━━━ INPUT DATA
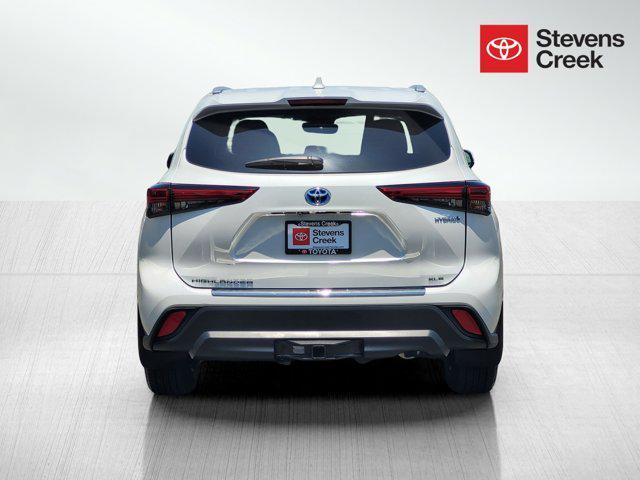 used 2023 Toyota Highlander Hybrid car, priced at $44,900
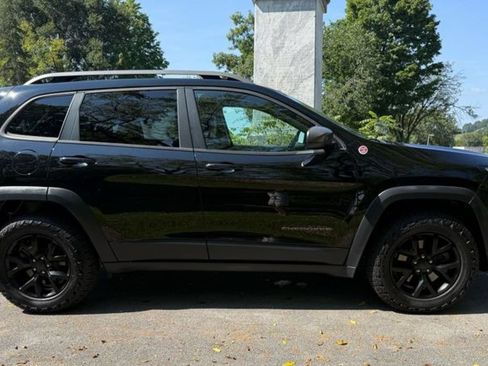 Used 2017 Jeep Cherokee Trailhawk w/ Cold Weather Group AWD/4WD image 6
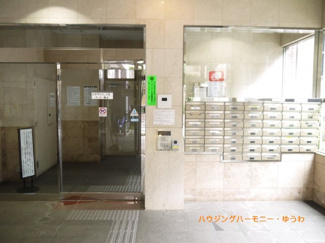 【その他共用部分】 | 清潔感と歓迎感があるエントランスホールとなります。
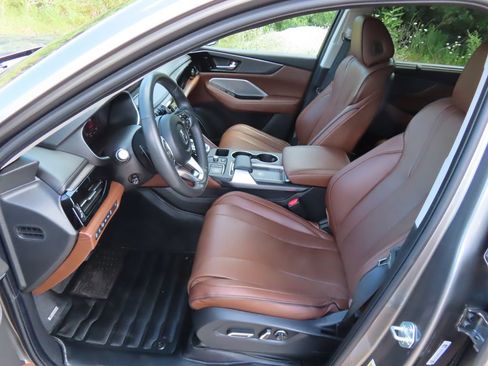Used 2024 Acura MDX SH-AWD w/ Advance Package image 28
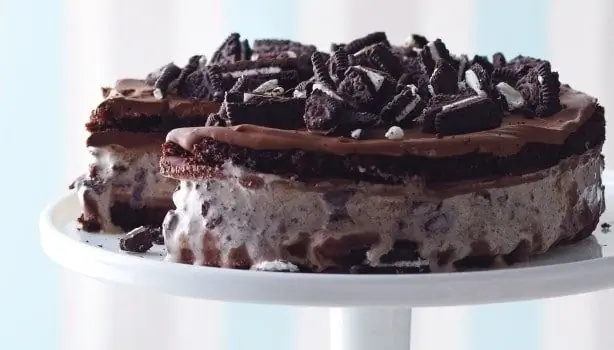 Приготовьте самый простой, быстрый и летний домашний торт-мороженое OREO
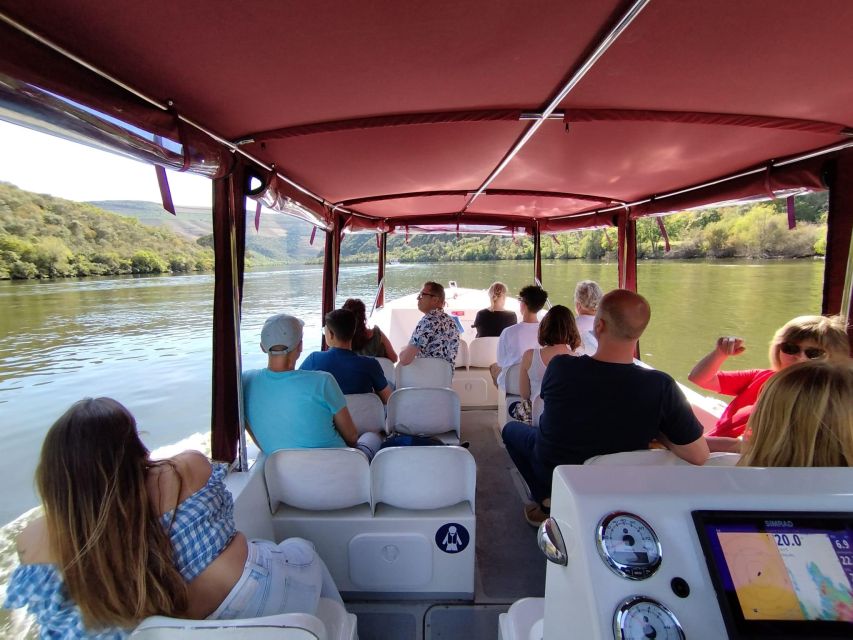 Pinhão: Douro Valley with Wine Tasting, Boat Trip and Lunch - Pinhão station and its azulejos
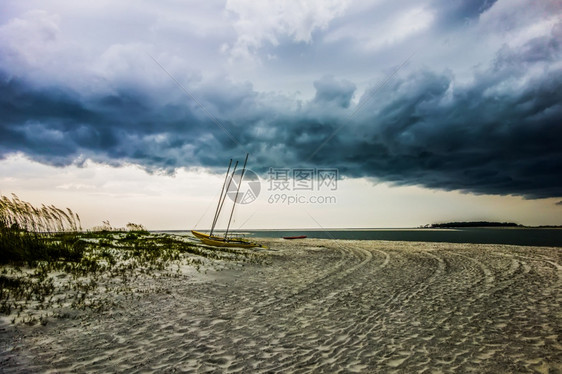 Tybe岛海滩风雨和雷暴的场景图片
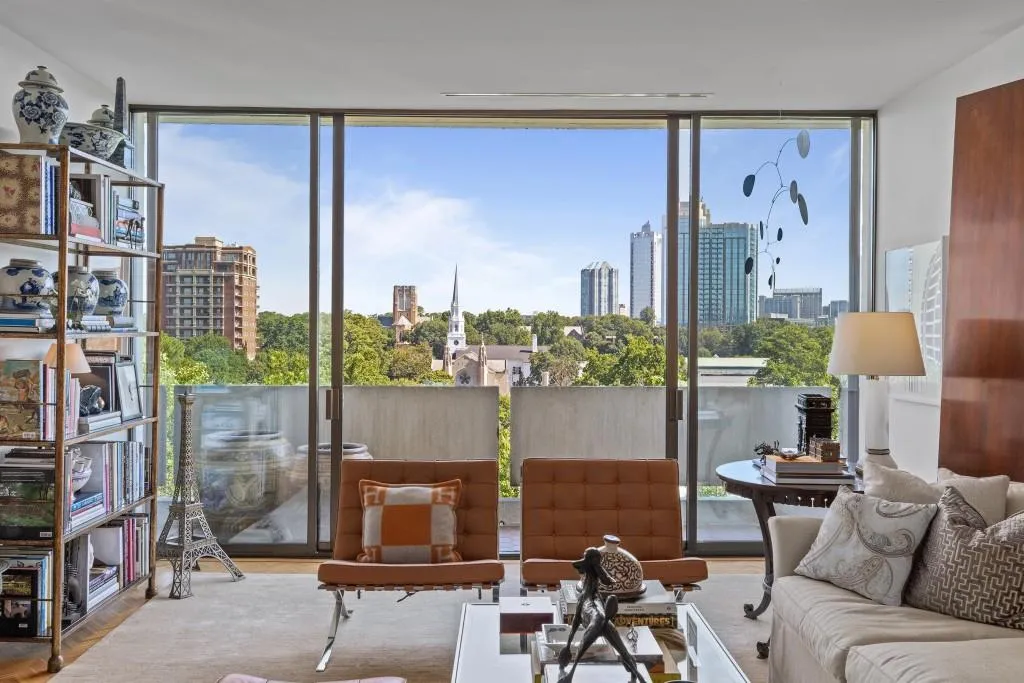 2575 Peachtree Road Ne Unit 14a, Atlanta, Georgia 30305, 2 Bedrooms Bedrooms, ,2 BathroomsBathrooms,Residential,For Sale,2575 Peachtree Road Ne Unit 14a,7619186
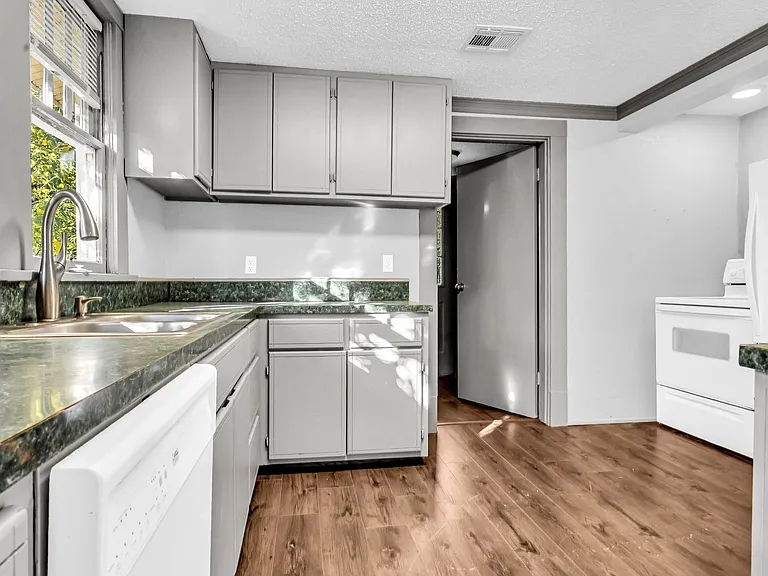 1211 Stanley St SW — Photo 5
━━━━━━
TASK DESCRIPTION :: Print out the whole listing word for word. Leave the pictures out.

RESULT ::
 used 2023 Toyota Highlander Hybrid car, priced at $44,900
 Used 2017 Jeep Cherokee Trailhawk w/ Cold Weather Group AWD/4WD image 6
 【その他共用部分】 | 清潔感と歓迎感があるエントランスホールとなります。
Used 2024 Acura MDX SH-AWD w/ Advance Package image 28
 Приготовьте самый простой, быстрый и летний домашний торт-мороженое OREO
 Pinhão: Douro Valley with Wine Tasting, Boat Trip and Lunch - Pinhão station and its azulejos
 Tybe岛海滩风雨和雷暴的场景图片
 2575 Peachtree Road Ne Unit 14a, Atlanta, Georgia 30305, 2 Bedrooms Bedrooms, ,2 BathroomsBathrooms,Residential,For Sale,2575 Peachtree Road Ne Unit 14a,7619186
 1211 Stanley St SW — Photo 5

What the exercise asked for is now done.